Les Bahnar aiment les couleurs contrastées : le noir, le rouge, le jaune… A chaque étoffe une histoire, en rapport avec leur conception de l’univers, et à chaque couleur une signification : le noir symbolise les forêts fertiles, le rouge représente l’ambition et l’amour, le jaune reflète la lumière éclatante... Bui Van Nam, de la province de Dak Lak : « Les tissus de brocatelle sont très résistants et surtout très beaux. Une étoffe demande parfois des années de travail, mais la qualité est indiscutable ».

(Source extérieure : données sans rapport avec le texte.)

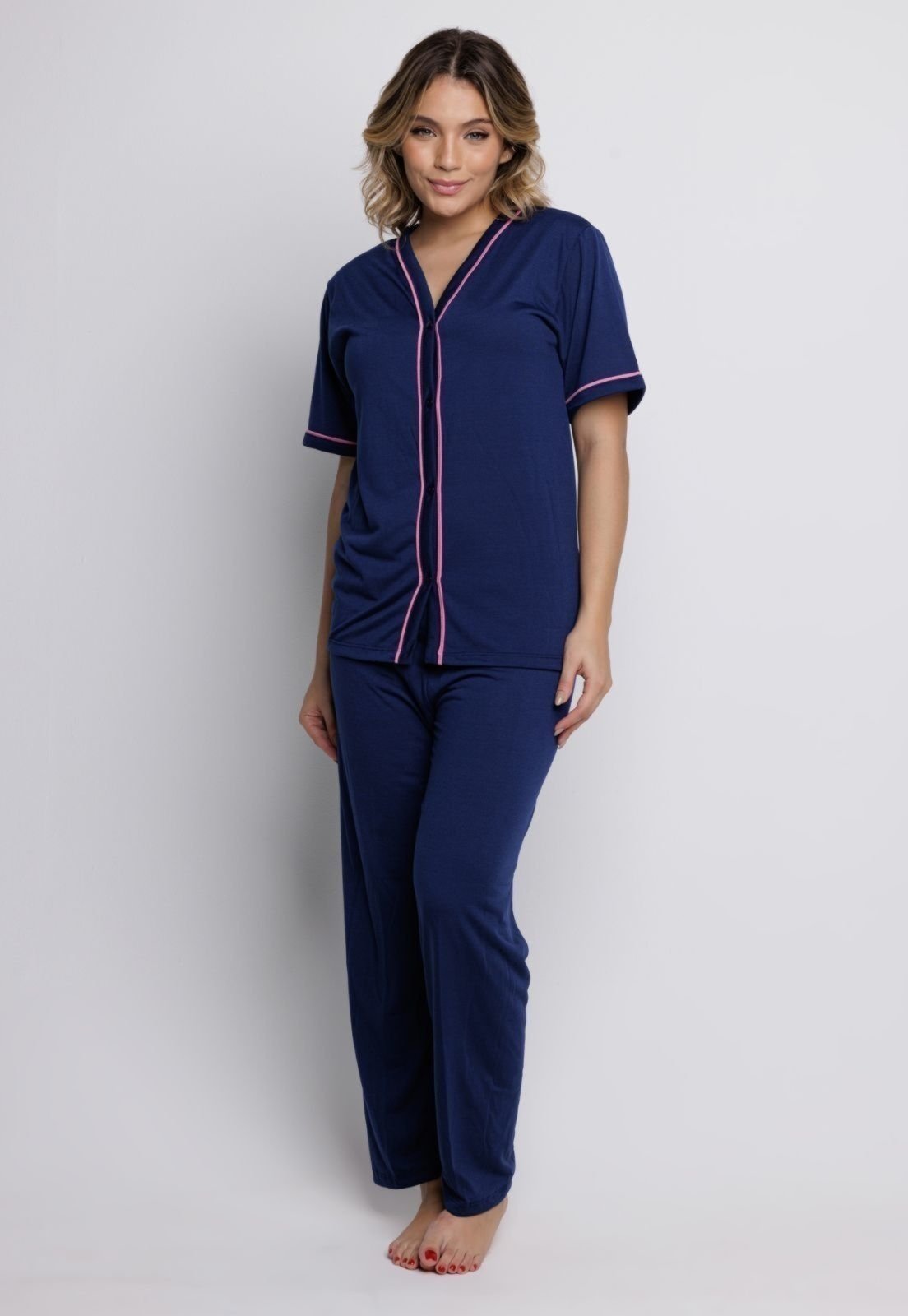 Pijama WLS Modas Blogueira Manga Curta Aberto Botões Calça Americano Amamentação Marinho
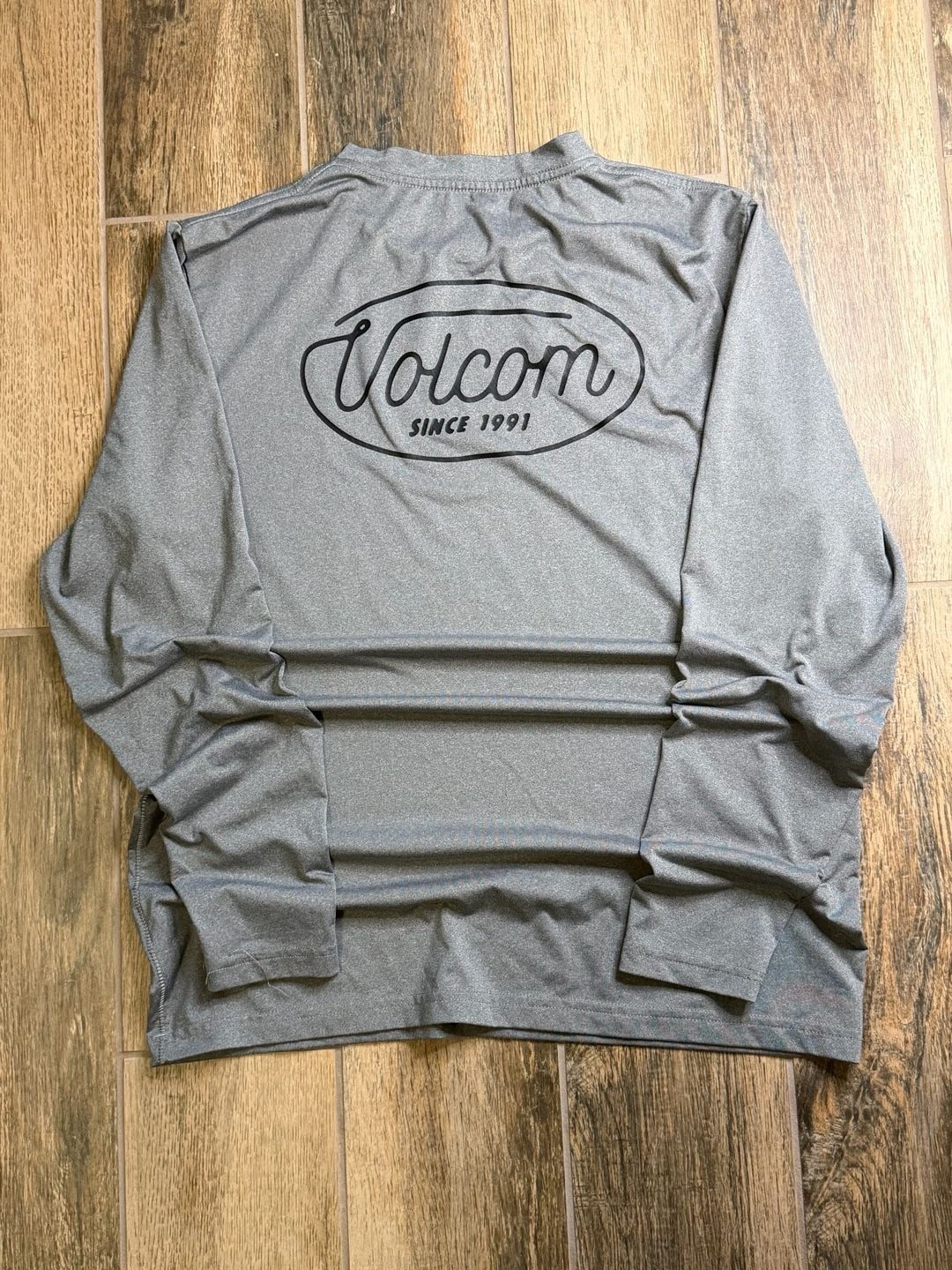 Volcom Men's Long Sleeve Performance Tech Tee Shirt Grey UPF 50+ UV Protection 4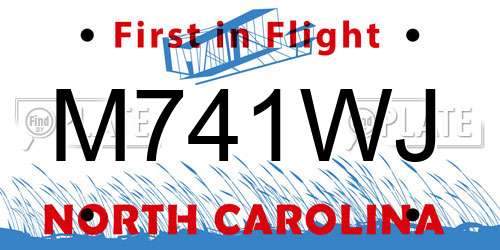 M741WJ North Carolina License Plate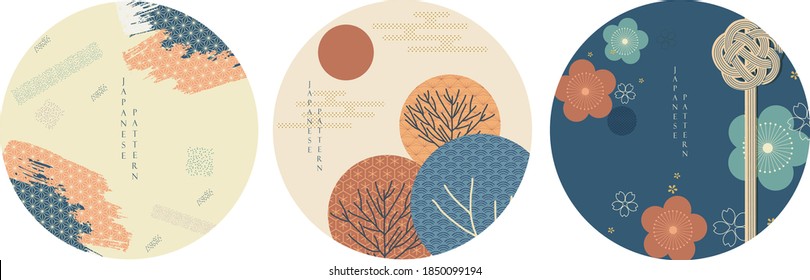 Abstract landscape with Japanese wave pattern vector. Nature art background with Mountain forest template in oriental style. Gold and black texture.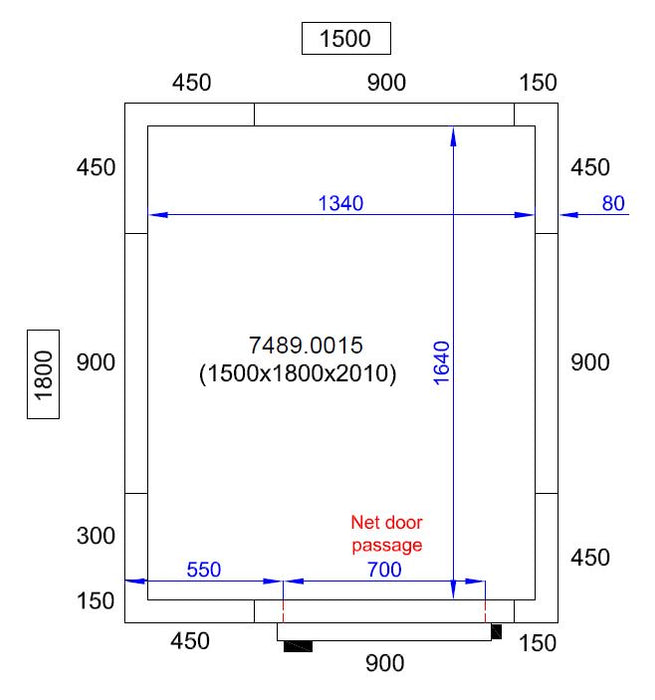 Combisteel Cold & Freezer Room - 1500x1800x2010mm - Ventilated Cooling - Automatic Defrost - Stainless Steel Construction 7489.0015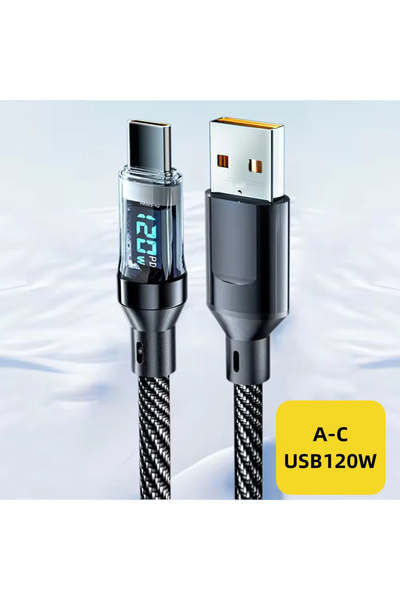 Choice3 2m A to C cable NNBILI 120W Super Fast Charging Cable Real-time Digit...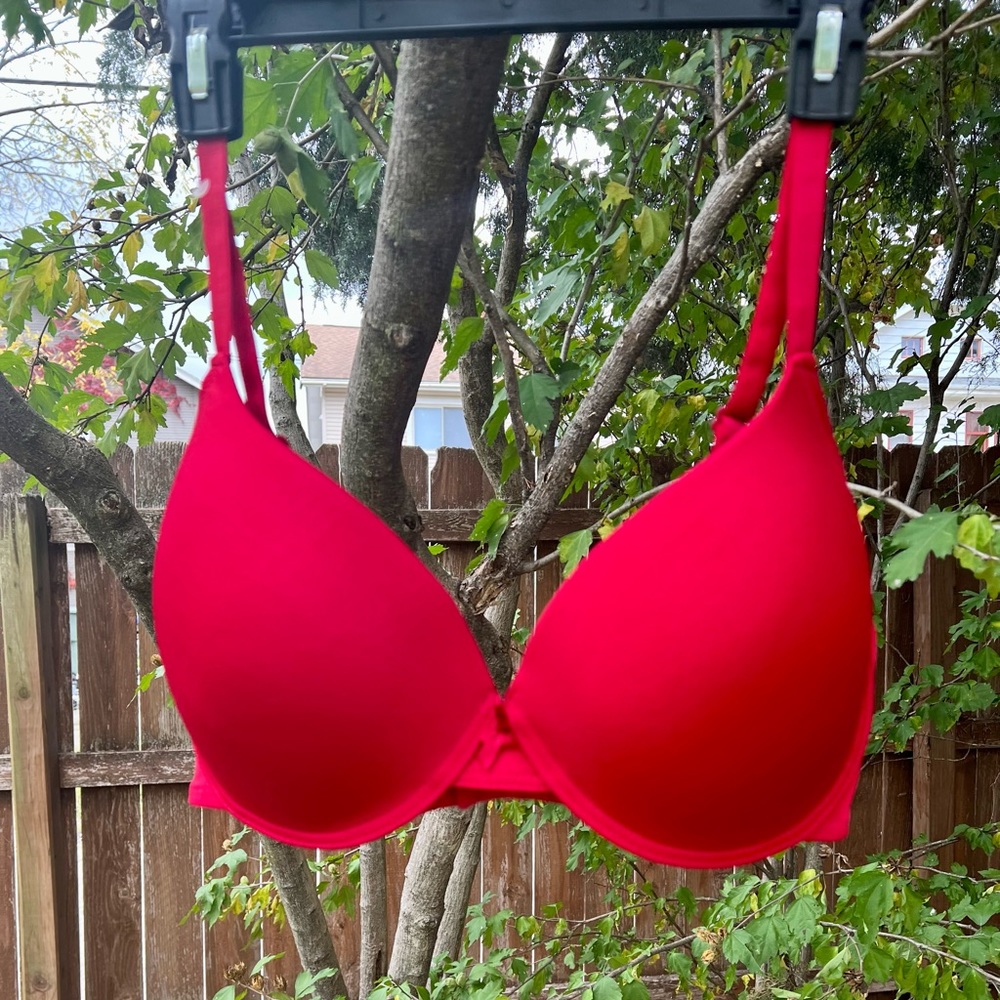 New Adrienne Vittadini Cherry Red Bra Lightly Padded Plunge Pushup 42D underwire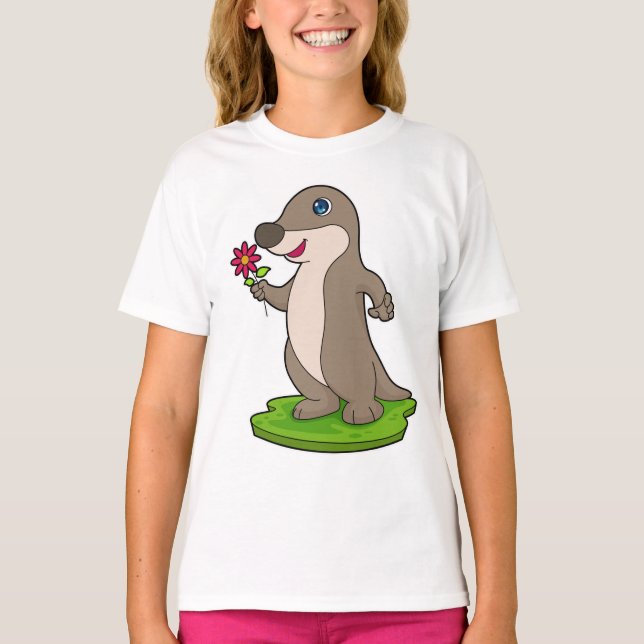 Otter mit Blume T-Shirt (Vorderseite)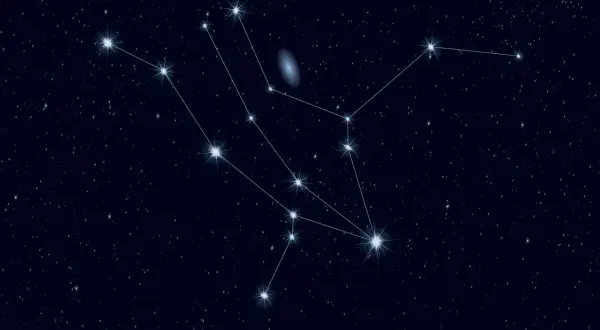 A constellation of stars connected by lines, with a faint galaxy in the background.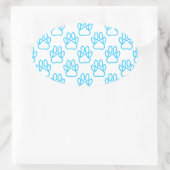 Blue Neon Dog Paw Print Pattern Ovaler Aufkleber (Tasche)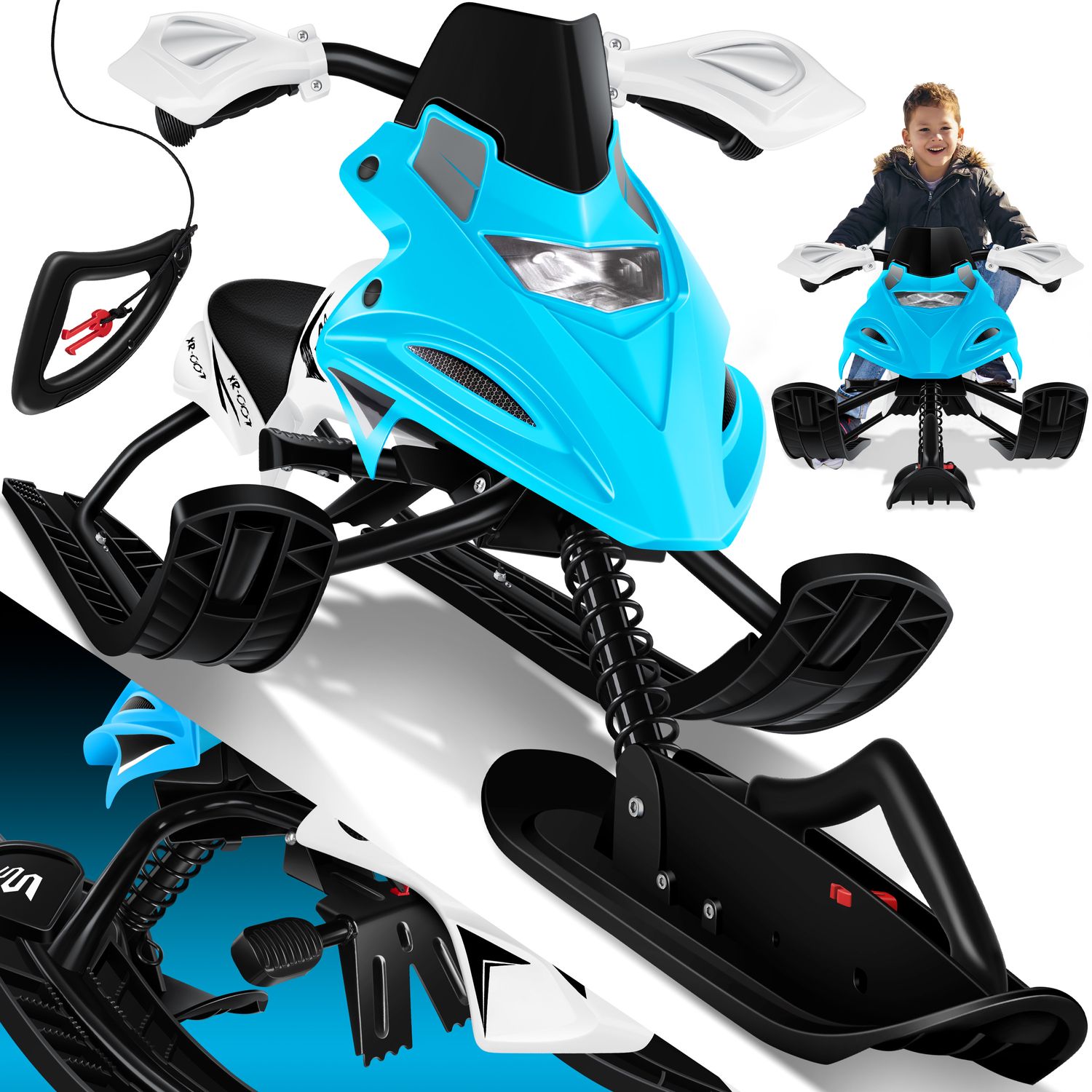 KESSER&reg; Lenkschlitten mit 2 Fu&szlig;bremsen | Automatisches Zugseil | Federung | Kufenlenkung | Bob Kinderschlitten Rodel Schlitten | Skiboblenkschlitten | - Bild 1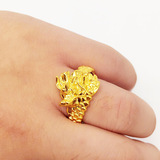 2016越南沙金新款欧币霸气个性龙头戒指如黄金颜色男款开口戒礼物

Comme nous vous le disions un peu plus haut, le tissage est une tradition, qui se transmet de mère en fille. Seulement, depuis quelques années, les brocatelles des Bahnar doivent faire face à une concurrence féroce sur le marché alors qu’il y a de moins en moins de tisseuses. Autant dire qu’il est urgent de réagir pour préserver ce qui reste l’un des fleurons de l’artisanat traditionnel de notre pays. Fort heureusement, le problème n’a pas échappé à la sagacité du gouvernement, lequel a pris des mesures, comme nous l’explique Luong Thanh Son, la directrice du musée d’ethnographie de Dak Lak : « Plusieurs ateliers ont été ouverts pour apprendre les jeunes filles Bahnar à tisser. Et puis il y a tout un travail de sensibilisation qui a été entrepris. Il serait quand même navrant que les Bahnars délaissent ainsi leurs traditions... ».
Effectivement ! Mais qu’on se rassure, les brocatelles des Bahnar ressurgissent dans les manifestations folkloriques. Et elles ont visiblement gardé tout leur pouvoir de séduction. Il faut dire qu’elles sont de véritables hymnes à la nature, une nature tout à la fois protectrice et nourricière.